#### [What is needed]
Return the data below in full and exactly, except that the pictures are dropped.

#### [Data extract]
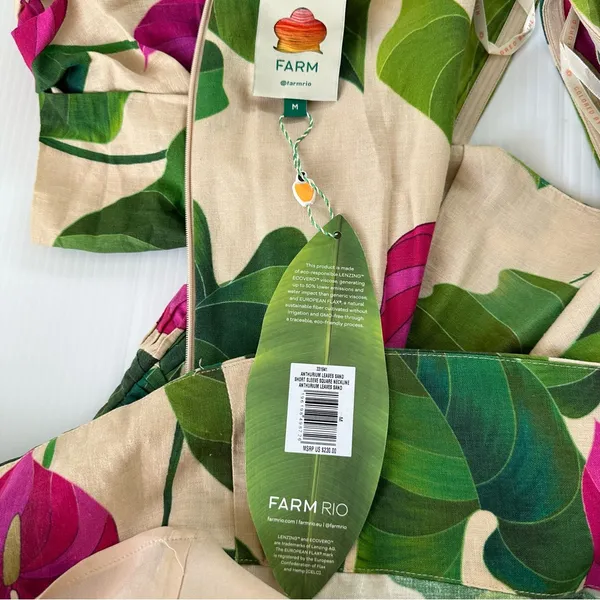 Farm Rio NWT Anthurium Leaves Dress Sand, M - Image 15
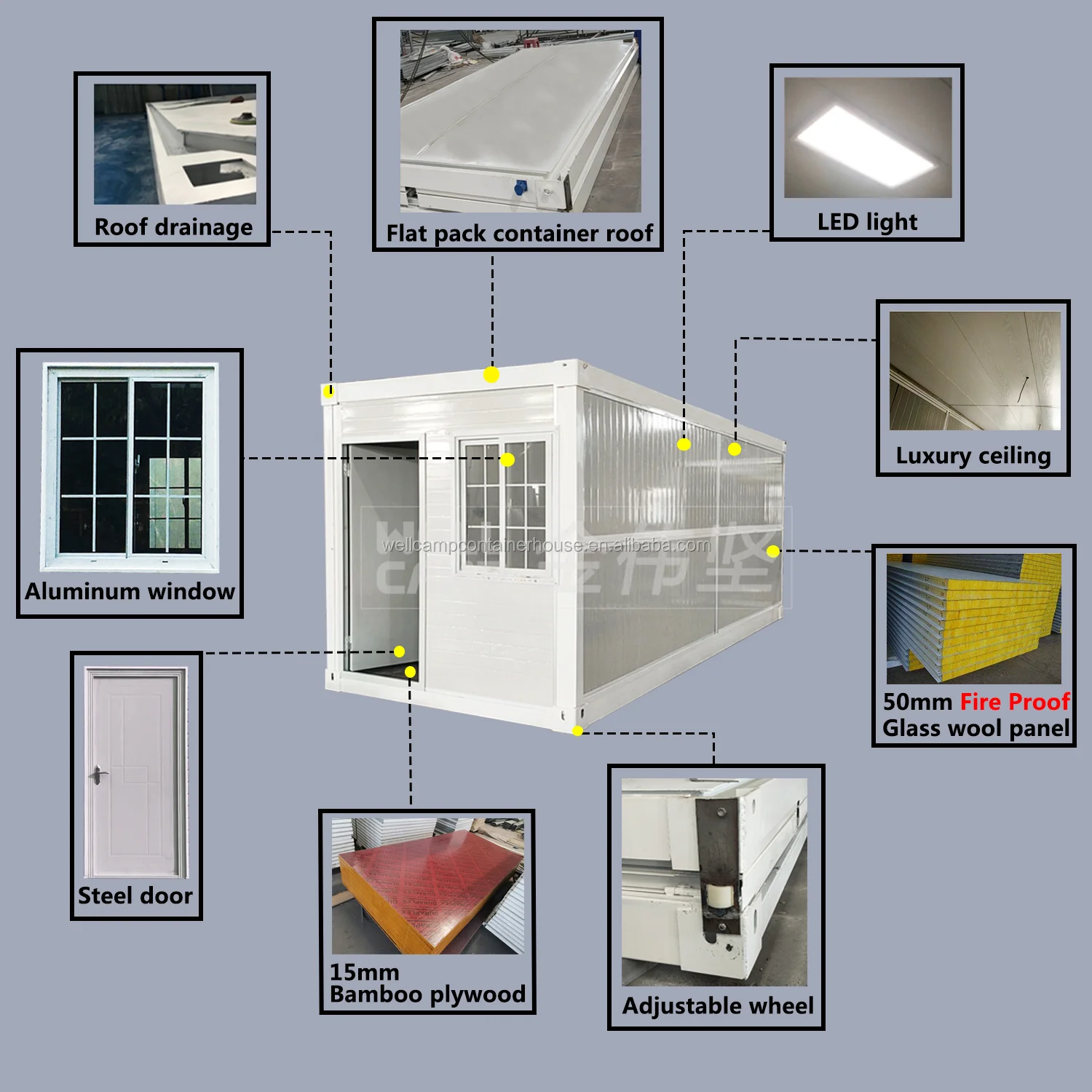 Wellcamp Group affordable Folding Flat Pack container nice house easy to install nice appearance solid construction house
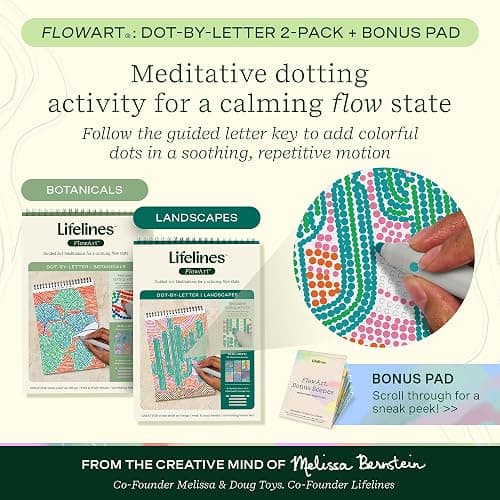 Lifelines FlowArt Activity Pad, 2-Pack & Bonus Pad - Guided Dot-by-Letter Art Meditations with Markers - Color by Number/Letter Coloring Books for Tweens, Adults & Seniors thumbnail 2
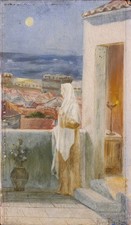 tableau ancien femme nuit lune religieux symbolisme paysage France Art Nouveau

#### [Response to the exercise]
 Farm Rio NWT Anthurium Leaves Dress Sand, M - Image 15
 Wellcamp Group affordable Folding Flat Pack container nice house easy to install nice appearance solid construction house
 Lifelines FlowArt Activity Pad, 2-Pack & Bonus Pad - Guided Dot-by-Letter Art Meditations with Markers - Color by Number/Letter Coloring Books for Tweens, Adults & Seniors thumbnail 2
 tableau ancien femme nuit lune religieux symbolisme paysage France Art Nouveau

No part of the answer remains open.